• [Required action]: Output the line containing "양길호님의 기타작물 · 영농일지 작성글 사진" and each line after it through the end of the data, exactly as written, with pictures left out.

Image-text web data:
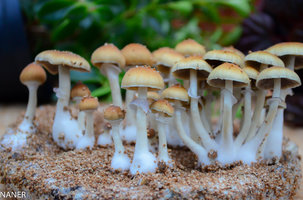 DSC_9485.jpg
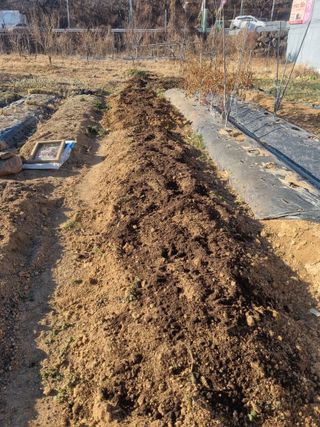 양길호님의 기타작물 · 영농일지 작성글 사진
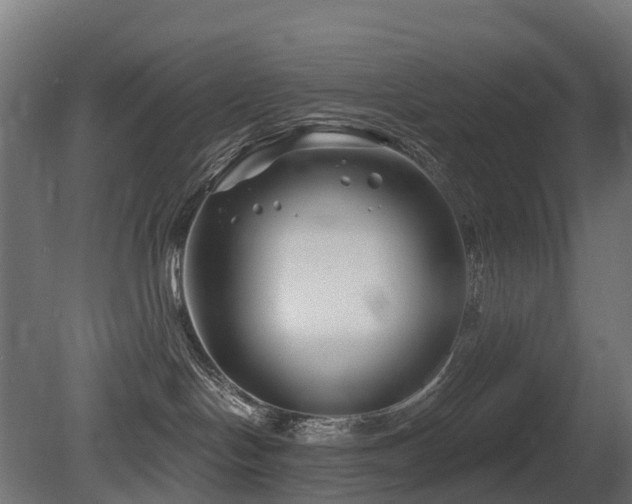 X0000081420094200701121247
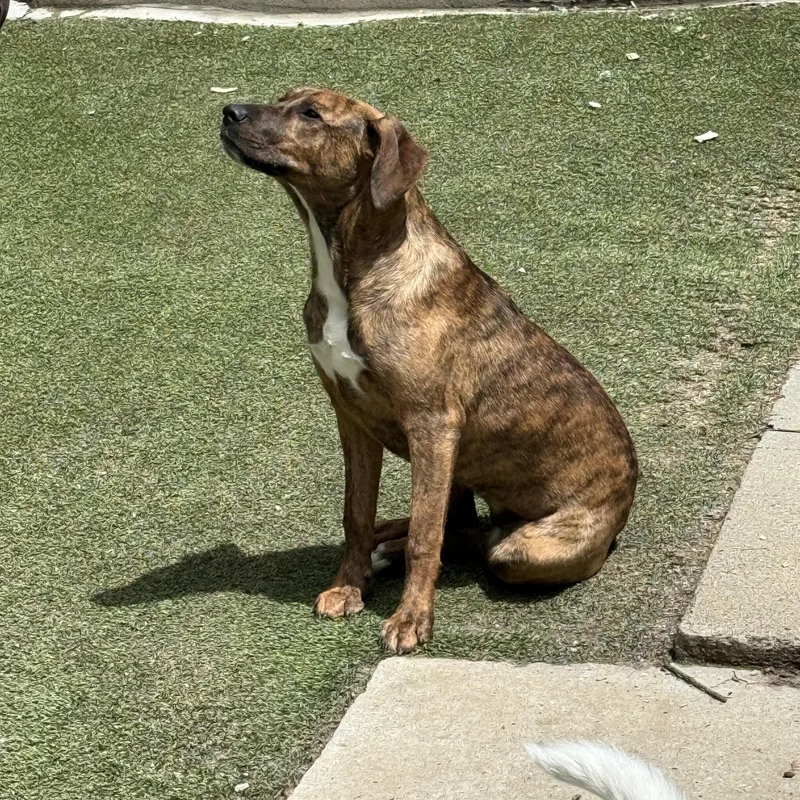 A young medium-sized female Brindle Labrador Retriever dog named Annabelle for adoption in Cortlandt Manor, NY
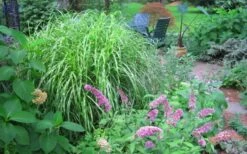Little Zebra Grass - Miscanthus - 1 Gallon Pot -Wilson Bros Gardens Shop Picture Miscanthus Little Zebra 3 2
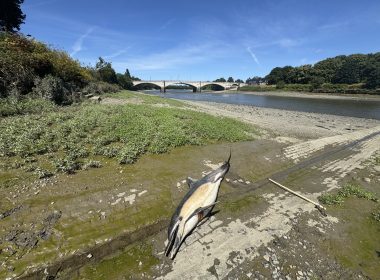 A stranded dolphin found dead on the banks of the Thames. Pic: Rob Deaville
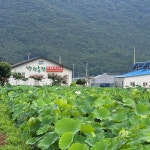 [백련농장]생연잎 4kg 연농사 직접 재배 생산함 산지직송 : 백련농장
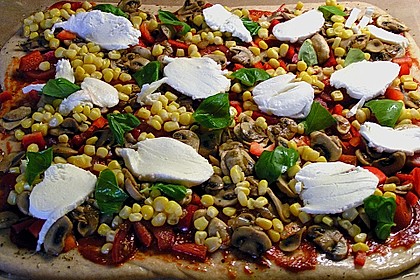 Original Pizzateig 47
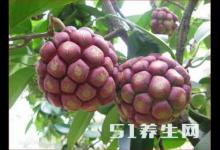 這種稀奇古怪的果子,還能減緩病毒的增長速度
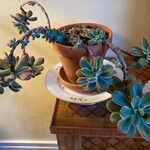 Echeveria gigantea Fulla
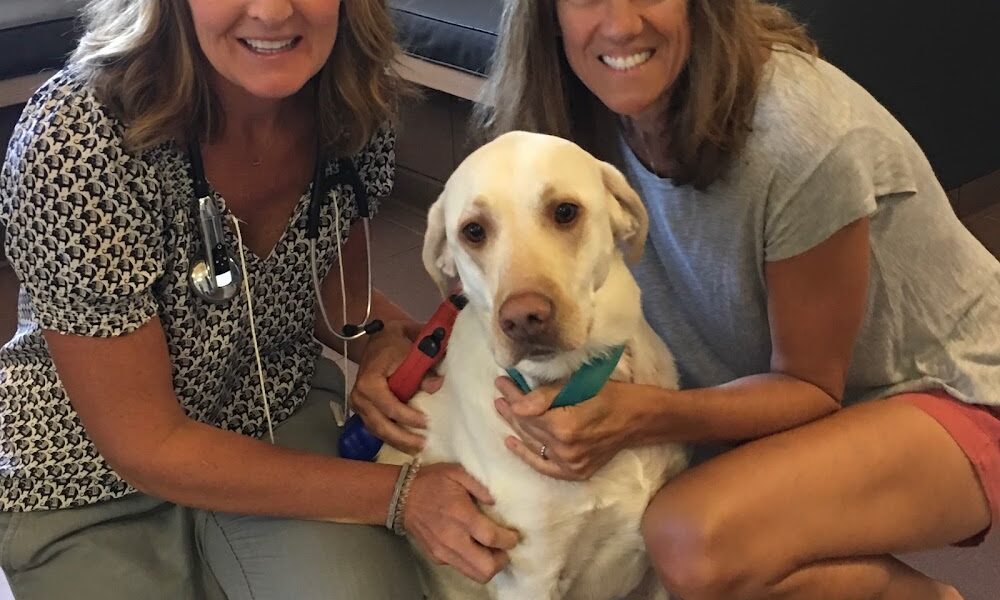 West Denver Veterinary Hospital & Wellness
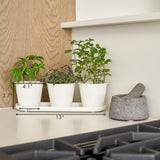 Ensemble de 3 magnifiques pots de jardin d'herbes aromatiques, parfaits pour n'importe quel rebord de fenêtre ou comptoir de cuisine, un ensemble de jardinières décoratives modernes comprenant un plateau et...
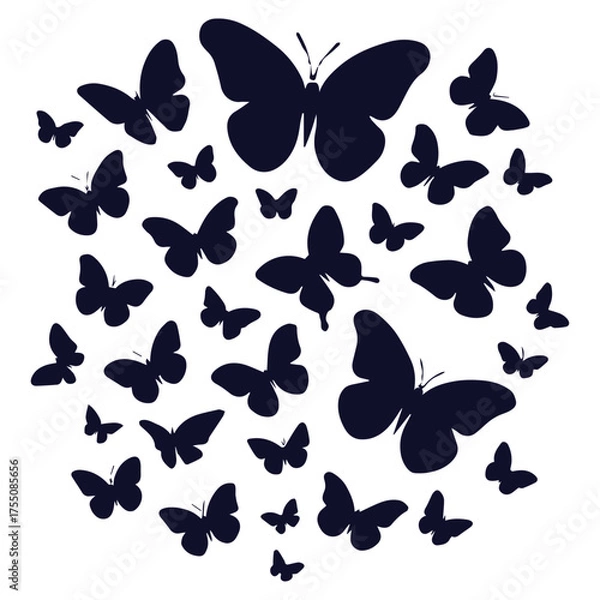 Obraz Purple Winged Butterfly Macro View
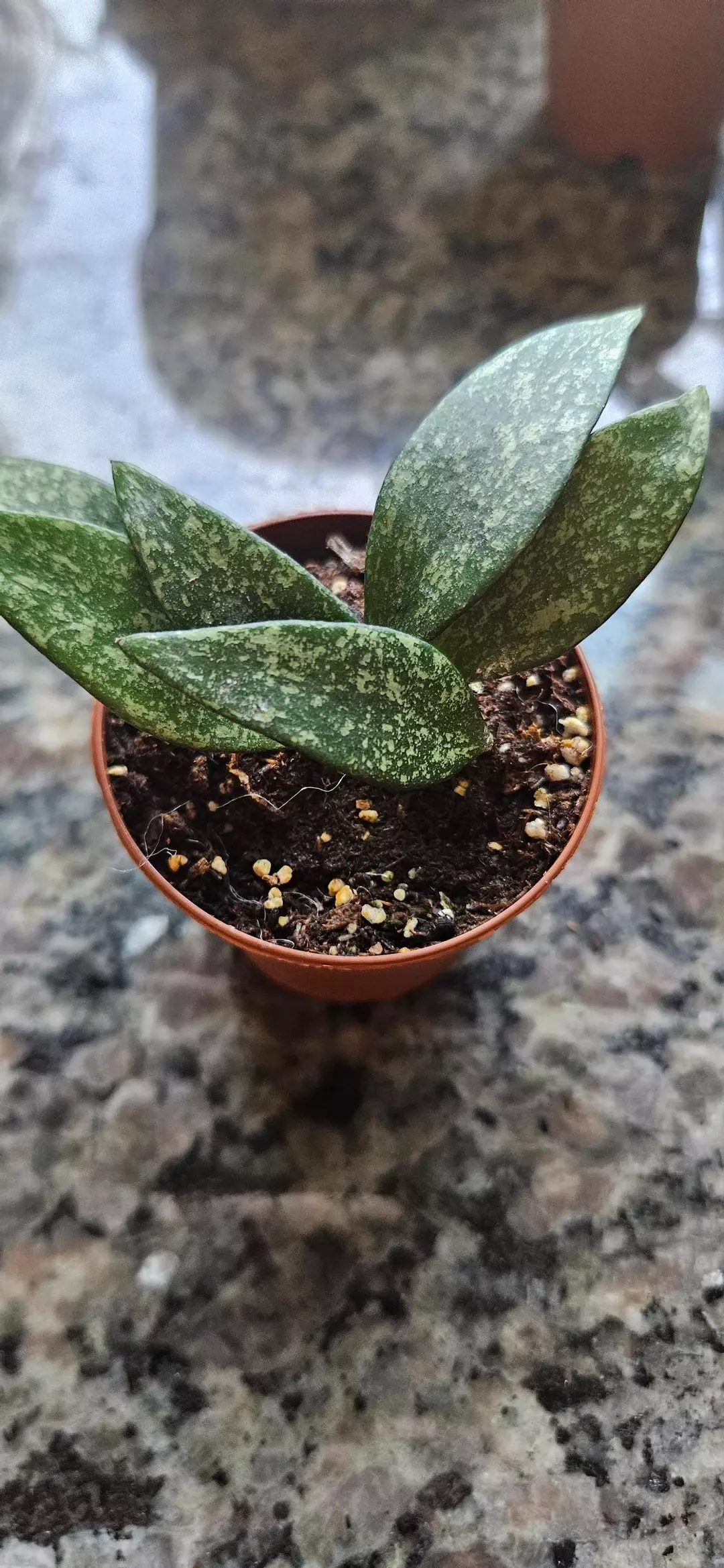 Hoya Parviflora 2in thumbnail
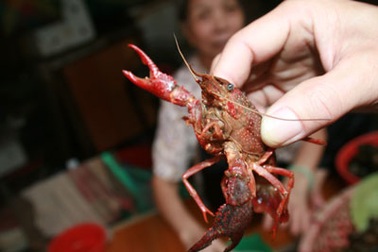 Bắt được tôm hùm nước ngọt “khổng lồ” nặng 2,6kg 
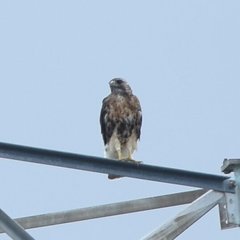 Buteo jamaicensis umbrinus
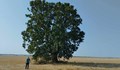 Вековните дървета в Русе и Иваново са в много добро биологично състояние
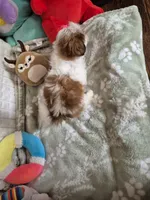 Claire , a female Shih Tzu for sale in Fort Mill, SC – 6 of 6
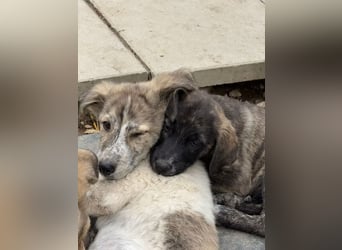 Ares- möchte seine Koffer packen und in ein warmes zuhause ziehen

• [Solution]:
 양길호님의 기타작물 · 영농일지 작성글 사진
 X0000081420094200701121247
 A young medium-sized female Brindle Labrador Retriever dog named Annabelle for adoption in Cortlandt Manor, NY
Little Zebra Grass - Miscanthus - 1 Gallon Pot -Wilson Bros Gardens Shop Picture Miscanthus Little Zebra 3 2
 A stranded dolphin found dead on the banks of the Thames. Pic: Rob Deaville
 [백련농장]생연잎 4kg 연농사 직접 재배 생산함 산지직송 : 백련농장
 Original Pizzateig 47
 這種稀奇古怪的果子,還能減緩病毒的增長速度
 Echeveria gigantea Fulla
 West Denver Veterinary Hospital & Wellness
 Ensemble de 3 magnifiques pots de jardin d'herbes aromatiques, parfaits pour n'importe quel rebord de fenêtre ou comptoir de cuisine, un ensemble de jardinières décoratives modernes comprenant un plateau et...
 Obraz Purple Winged Butterfly Macro View
 Hoya Parviflora 2in thumbnail
 Bắt được tôm hùm nước ngọt “khổng lồ” nặng 2,6kg 
 Buteo jamaicensis umbrinus
 Вековните дървета в Русе и Иваново са в много добро биологично състояние
 Claire , a female Shih Tzu for sale in Fort Mill, SC – 6 of 6
 Ares- möchte seine Koffer packen und in ein warmes zuhause ziehen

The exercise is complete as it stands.